Asteroids are meteoroids' big cousins: they range in size from 1 km to larger than 100,000 km where meteoroids are generally smaller than 1 meter in diameter, but they are made from the same rocky or metallic materials.

A subset of these objects, the Trojan asteroids co-orbit the Sun with Jupiter and are in gravitationally stable points between the two, called Lagrange points. It has been estimated that there are as many Trojans as there are asteroids in the asteroid belt.

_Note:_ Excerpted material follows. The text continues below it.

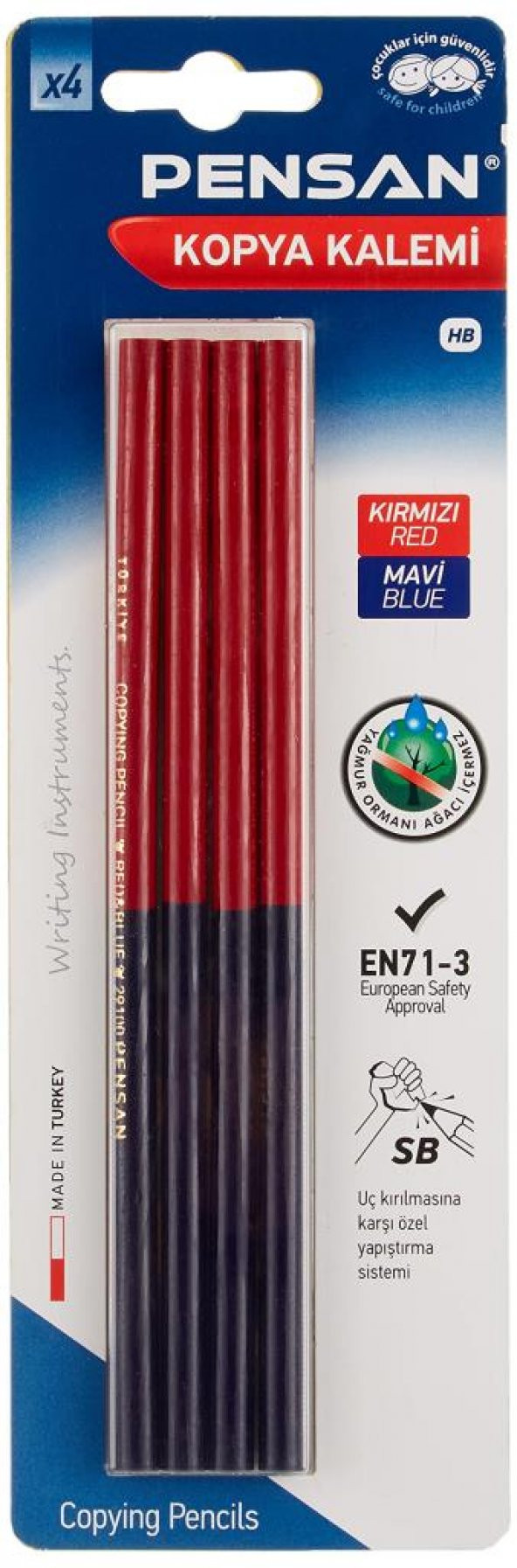 Pensan Kopya Kalemi Kırmızı Mavi Blisterli 4 LÜ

Asteroids' Encounters with Earth

Asteroids that fall into the category of Near Earth Objects have orbits that bring them in close proximity with our planet, and a number of notable impact sites have been attributed to asteroids. Most famously, the Chicxulub crater under the Yucatán Peninsula in Mexico is the result of an asteroid impact that might have wiped out the dinosaurs. Another asteroid known as Tunguska didn't impact Earth, but exploded a few miles above the Podkamennaya Tunguska River on June 30,1908. A similar explosion made headline news in 2013, when the near-Earth asteroid dubbed Chelyabinsk exploded in air blast that left 1,500 Russians seeking medical attention.